When I was 17 I bragged that I had gotten every job I applied for. That was 5 jobs at the time. I set my own expectations and hit them. I continued to get every job I applied for. Looking back, I was lucky and that luck kept me from doing better.
I always had enough money to survive and my desires weren’t huge. I was going to college by then and just wanted to graduate. That is why my luck hurt me so bad.
After I left college I found out that my Geology Department would have gladly given me jobs while I was at school. I just never asked. I could have gone on to graduate school and jobs would have been lined up for me so I could afford it. I never asked. During the summer break there were jobs available for aspiring geologists, but I had already lined up something else selling books or working in the library. It was so easy to get the jobs I applied for that I never got the jobs that would advance my career.

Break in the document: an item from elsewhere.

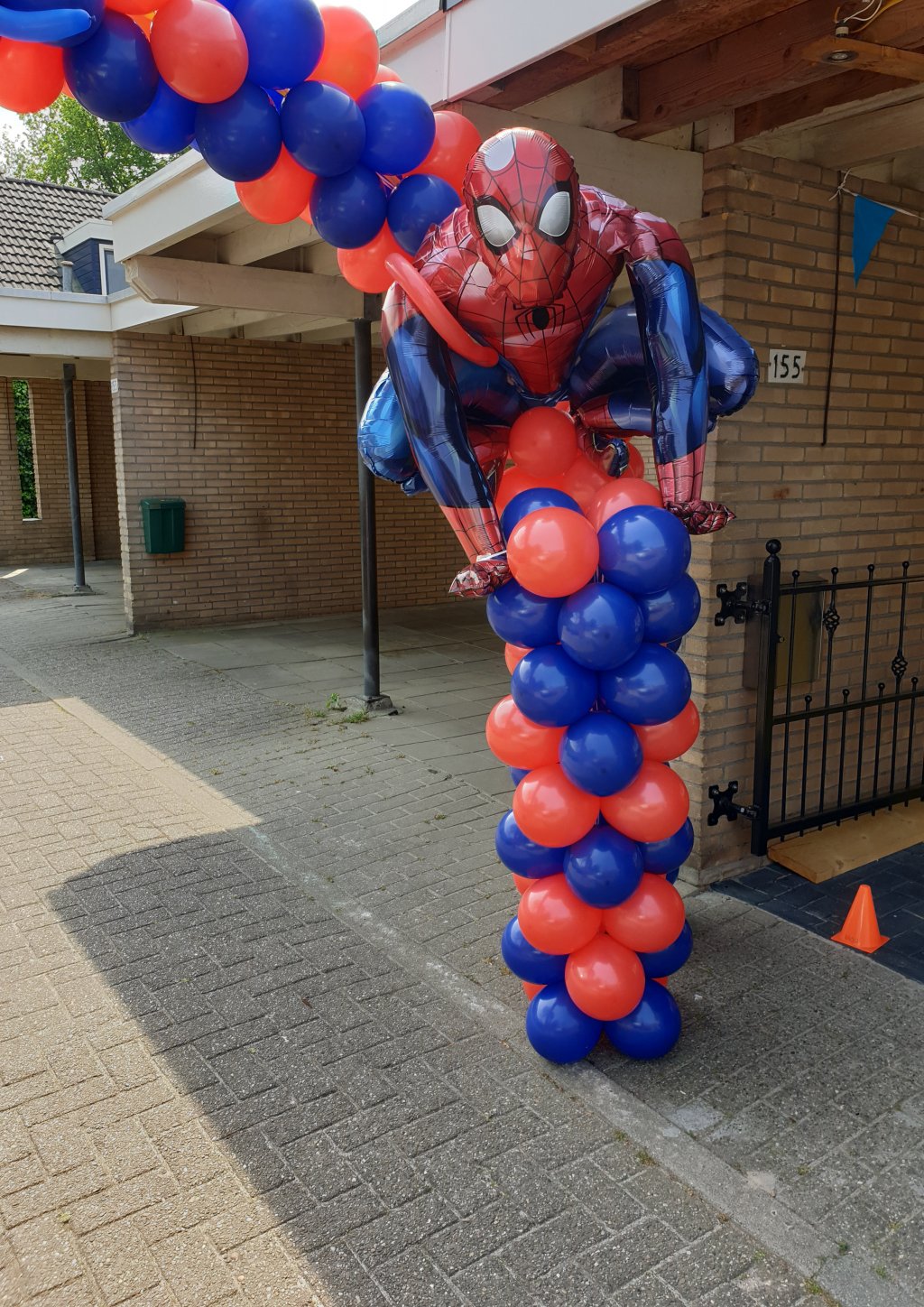 Ballonnenboog Spiderman foto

Even when I graduated I applied for a job in geology that was being filled by high school graduates at the time. Of course I got the job. And I earned less than I could. And I didn’t look for another job until I was laid off.
It took me 3 years after that lay off to get a good job with a bright future. It took me that long to learn that if I accept every job I can get, I get jobs without a future.
I was a slow learner. I didn’t start failing until after I was laid off. I finally learned. Sometimes getting every job you apply for means you aren’t aiming high enough.
Something to do today
Do you have a real career plan?
I have talked with programmers earning $50,000 per year and others earning $120,000 per year. They had the same basic talents. The better paid ones had chosen to work in SAP instead of Visual Basic. They really had to pay a price to get into SAP. Now they are reaping amazing rewards compared to the programmers who applied for jobs they knew they could get.
Do you really have a career plan? Or is it just a downhill career path?